You are viewing a plain text version of this content. The canonical link for it is here.
Posted to issues@spark.apache.org by "colin fang (Jira)" <ji...@apache.org> on 2020/10/19 18:08:00 UTC
[jira] [Updated] (SPARK-33184) spark doesn't read data source
column if it is needed as an index to an array in a nested struct
[ https://issues.apache.org/jira/browse/SPARK-33184?page=com.atlassian.jira.plugin.system.issuetabpanels:all-tabpanel ]

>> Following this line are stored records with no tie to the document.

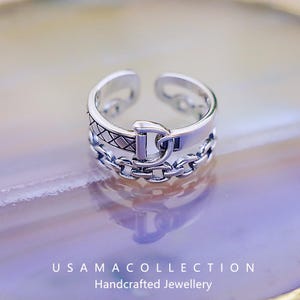 Anillo abierto de plata esterlina S925 con cadena con letra D, diseño a cuadros huecos y estilo apilable de doble capa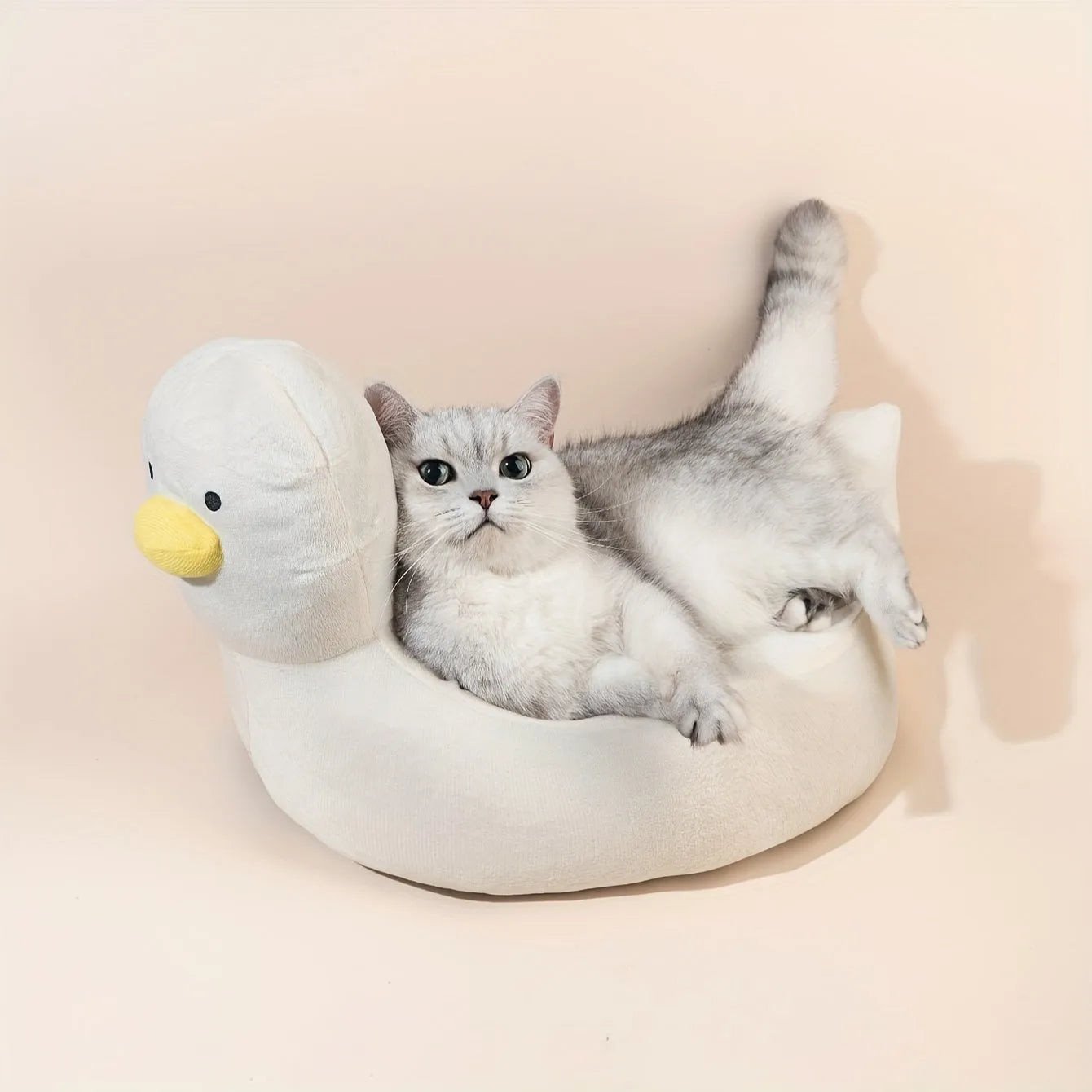 Blue duck-shaped fluffy pet bed for small dogs and cats measuring 40x35cm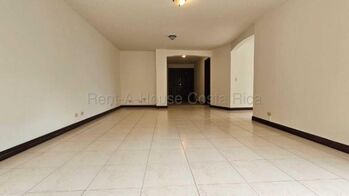 Se vende apartamento en San Rafael Escazú 26-2111 en San Rafael, Escazú, San José — $290,000 - Foto 4 de 22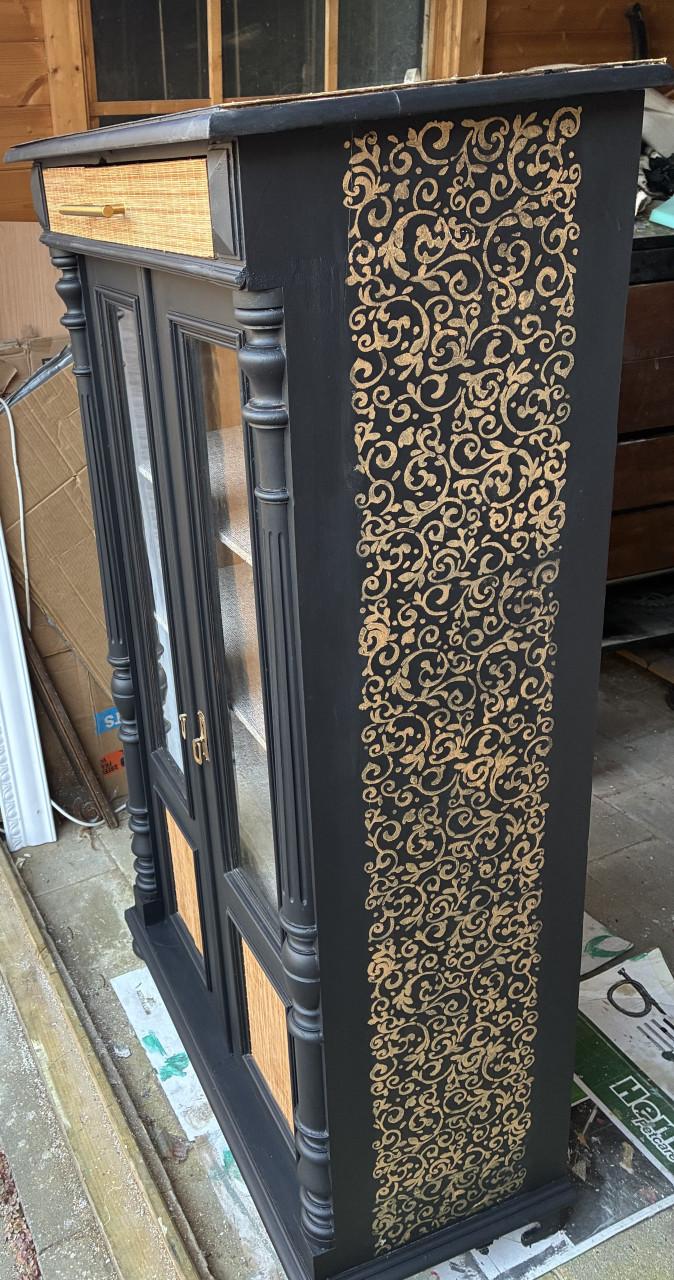 Uniek vintage vitrine kastje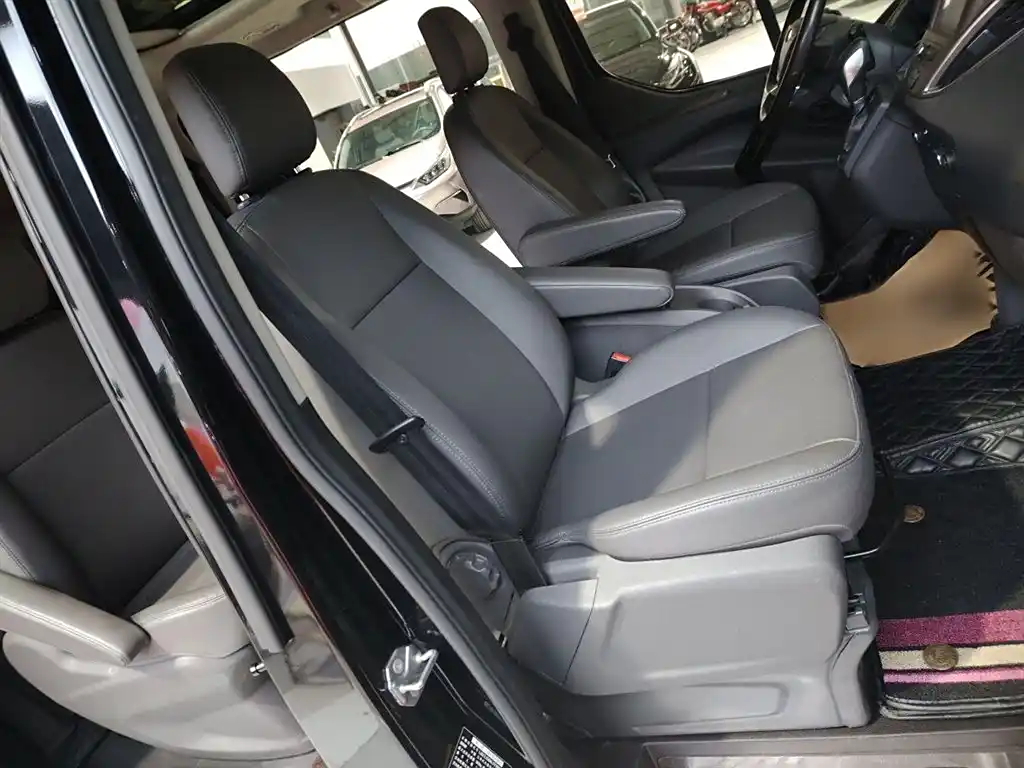 Ford TOURNEO 2021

colin fang updated SPARK-33184:
-------------------------------
Description:
{code:python}
df = spark.createDataFrame([[1, [[1, 2]]]], schema='x:int,y:struct<a:array<int>>')
df.write.mode('overwrite').parquet('test')
{code}
{code:python}
# This causes an error "Caused by: java.lang.RuntimeException: Couldn't find x#720 in [y#721]"
spark.read.parquet('test').select(F.expr('y.a[x]')).show()
# Explain works fine, note it doesn't read x in ReadSchema
spark.read.parquet('test').select(F.expr('y.a[x]')).explain()
== Physical Plan ==
*(1) !Project [y#713.a[x#712] AS y.a AS `a`[x]#717]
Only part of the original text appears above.